下記の問題及び解説は、必ずしも現時点における法改正及びデータを反映したものではない場合があります。

宅建 過去問解説 平成19年 問29

【問 29】 不動産の鑑定評価に関する次の記述のうち、不動産鑑定評価基準によれば、誤っているものはどれか。

1 不動産の価格を求める鑑定評価の基本的な手法は、原価法、取引事例比較法及び収益還元法に大別され、原価法による試算価格を積算価格、取引事例比較法による試算価格を比準価格、収益還元法による試算価格を収益価格という。

2 取引事例比較法の適用に当たって必要な取引事例は、取引事例比較法に即応し、適切にして合理的な計画に基づき、豊富に秩序正しく収集し、選択すべきであり、投機的取引であると認められる事例等適正さを欠くものであってはならない。

3 再調達原価とは、対象不動産を価格時点において再調達することを想定した場合において必要とされる適正な原価の総額をいう。
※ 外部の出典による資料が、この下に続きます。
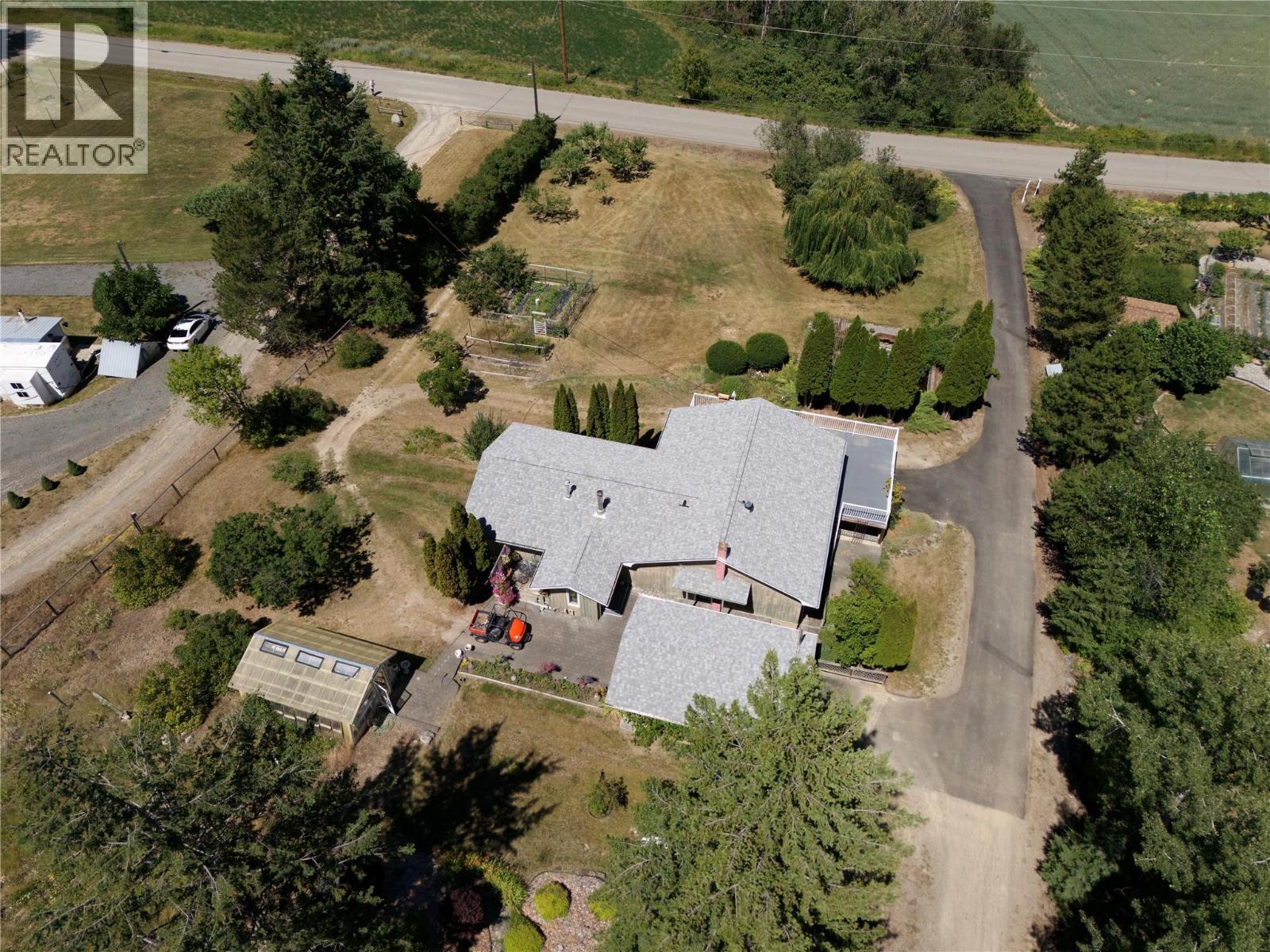 2471 38th Street, Creston, British Columbia  V0B 1G2 - Photo 36 - 10394028
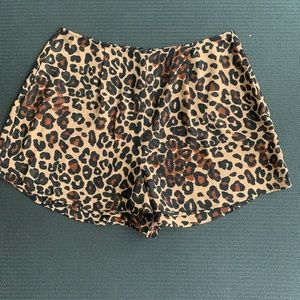 Show Me Your Mumu Leopard Sawyer shorts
4 収益還元法は、対象不動産が将来生み出すであろうと期待される純収益の現在価値の総和を求めることにより対象不動産の試算価格を求める手法であり、このうち、一期間の純収益を還元利回りによって還元する方法をDCF(Discounted Cash Flow)法という。

【解答及び解説】

【問 29】 正解 4

1 正しい。不動産の鑑定評価の方式には、原価方式、比較方式及び収益方式の三方式がある。それぞれの鑑定評価の手法の適用により求められた価格を試算価格というが、原価法による試算価格は積算価格、取引事例比較法による試算価格は比準価格、収益還元法による試算価格は収益価格という。
*不動産鑑定評価基準第7章

2 正しい。取引事例比較法の適用に当たって必要な取引事例は、取引事例比較法に即応し、適切にして合理的な計画に基づき、豊富に秩序正しく収集し、選択すべきであり、投機的取引であると認められる事例等適正さを欠くものであってはならない。
*不動産鑑定評価基準第7章第1節Ⅰ2

3 正しい。不動産鑑定評価基準の条文そのままの問題。再調達原価とは、対象不動産を価格時点において再調達することを想定した場合において必要とされる適正な原価の総額をいう。
*不動産鑑定評価基準第7章第1節Ⅱ2(1)

4 誤り。収益還元法は、対象不動産が将来生み出すであろうと期待される純収益の現在価値の総和を求めることにより対象不動産の試算価格を求める手法である。収益価格を求める方法には、一期間の純収益を還元利回りによって還元する方法(直接還元法)と、連続する複数の期間に発生する純収益及び復帰価格を、その発生時期に応じて現在価値に割り引き、それぞれを合計する方法(Discounted Cash Flow法(DCF法))がある。設問の後半は、直接還元法の説明である。
*不動産鑑定評価基準第7章第1節Ⅳ2


【解法のポイント】不動産鑑定評価基準の勉強はやりにくいという感じを持っている人が多いと思いますが、ある程度の割り切りが必要です。要するに過去問で出題されているような部分のみ勉強することです。この問題なんかも典型的な鑑定評価の三手法に関する問題で、過去に何度も出題されています。内容的には、不動産鑑定評価基準の条文そのままです。